I wasn’t able to write last week’s entry. My good friend Zikomo Matope was seriously ill. It was bad. The cheerful and charismatic Zikomo I know was reduced to a nonentity. He spoke little. He purged. He coughed. He vomited.
His wife, Tiyamike, whom he always refers to as MG1 during our beerscapades couldn’t do anything but cry. The sound of her cry, though frightening, was so sweet to my ears. Her cry, those who’ve been to Amazon would’ve said, sounded like that of the twittering birds of the Amazon Forest.
So, like the hardcore criminal with Jesus Christ on Golgotha, I sympathized with my friend’s wife-assuring her now and then that Zikomo wasn’t going to die-and at the same time, I comforted Zikomo who, it seemed, had given up.
Somehow, I was sorry for Zikomo’s two year-old son. The boy, Zikomo Matope Jnr, a spitting image of my good friend Zikomo, cried in unison with his mother. I had to comfort him too; being the ‘good’ Uncle I’m to him. Inside me, I prayed that the young boy shouldn’t take after his father’s boozing and pumping traits.
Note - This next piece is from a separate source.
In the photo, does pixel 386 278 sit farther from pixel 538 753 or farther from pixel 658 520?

Tiyamike then explained how it had all happened. Zikomo had come back to work earlier than usual complaining of abdominal pains. Then he had started shivering, coughing, vomiting and then purging. It was bad, she had told me. And I had seen it.
“He’s refusing to go to the hospital,” Tiyamike had told me.
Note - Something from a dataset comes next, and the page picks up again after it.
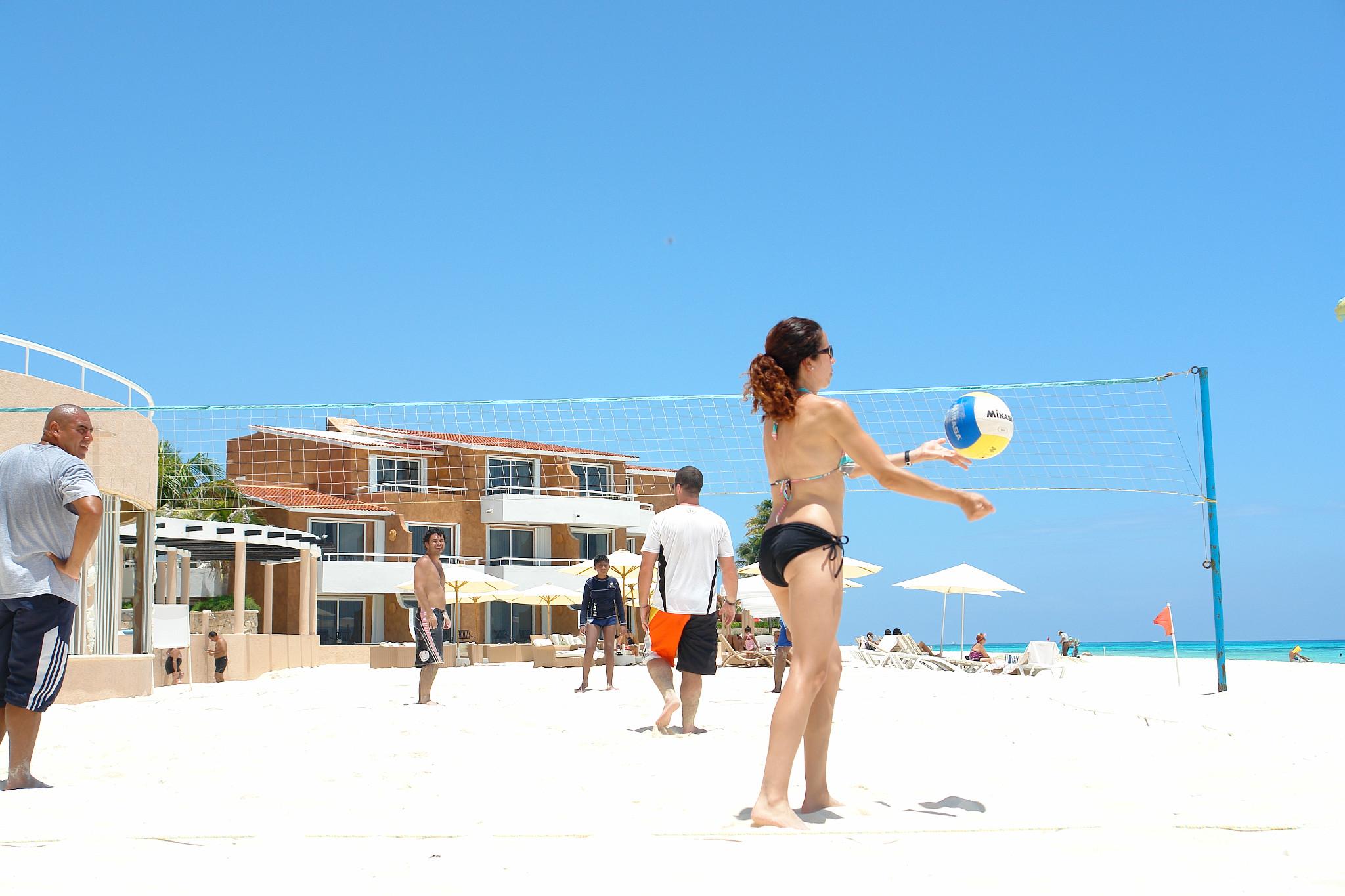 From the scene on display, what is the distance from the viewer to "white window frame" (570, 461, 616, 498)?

I asked Zikomo if it was true. He gave me a nod.
He didn’t answer me.
“We went together yesterday. The doctor said he is HIV negative,” Tiyamike chipped in. “I’ve told him that we should go again but he won’t listen to me.”
I tried to plead with Zikomo that we go to the hospital again but he insisted he was going to be fine. Indeed, once a drunkard, always a drunkard. Even in his sickness, my good friend Zikomo still had a bottle of his favourite drink, Carlsberg Green, perched beside his bed.
So, that was it. As I left his house late in the night that day, I had completely forgotten that I was supposed to file a piece for last week’s entry.
Anyway, that’s water under the bridge now. Zikomo and I met at our now favourite drinking hall, Pa MuChina.
As we downed a few beers, I remembered Zikomo’s state when he was sick and I laughed rather mesmerisingly.
“What are you laughing at you fool?” Zikomo asked me.
I continued laughing. Everyone turned to our direction.
“I’m laughing at you,” I told him.
“Zikomo,” I said. “Why were you refusing to go to the hospital?”
He smiled. And then laughed.
“My wife was insisting that I go for an HIV test,” Zikomo told me.
“And you were afraid?”
“Aren’t you afraid?” he fired at me.
“I’m not afraid,” I told him. “I make sure I go for the test periodically so that I’m sure of my health status.”
Zikomo looked very surprised. None of us spoke for some minutes.
“….but Diva,” Zikomo spoke up. “Don’t you think I’m HIV positive?”
“I’m not a doctor,” I said. “You can only know your status after a test.”
“I think some of these girls, especially Marita have infected me with the Virus.” Zikomo wore a worried look. “Do you think they’re fine?”
“I don’t know,” I said rather blankly. “Just go to the hospital and know your status.”
“May be I’ll one of these days,” he said.
He said nothing more.
We didn’t drink much last Friday. From the outset, Zikomo looked out of place. Something is wrong with him. We simply emptied our eighth bottles and left, with no pomp and glamour, as we always do.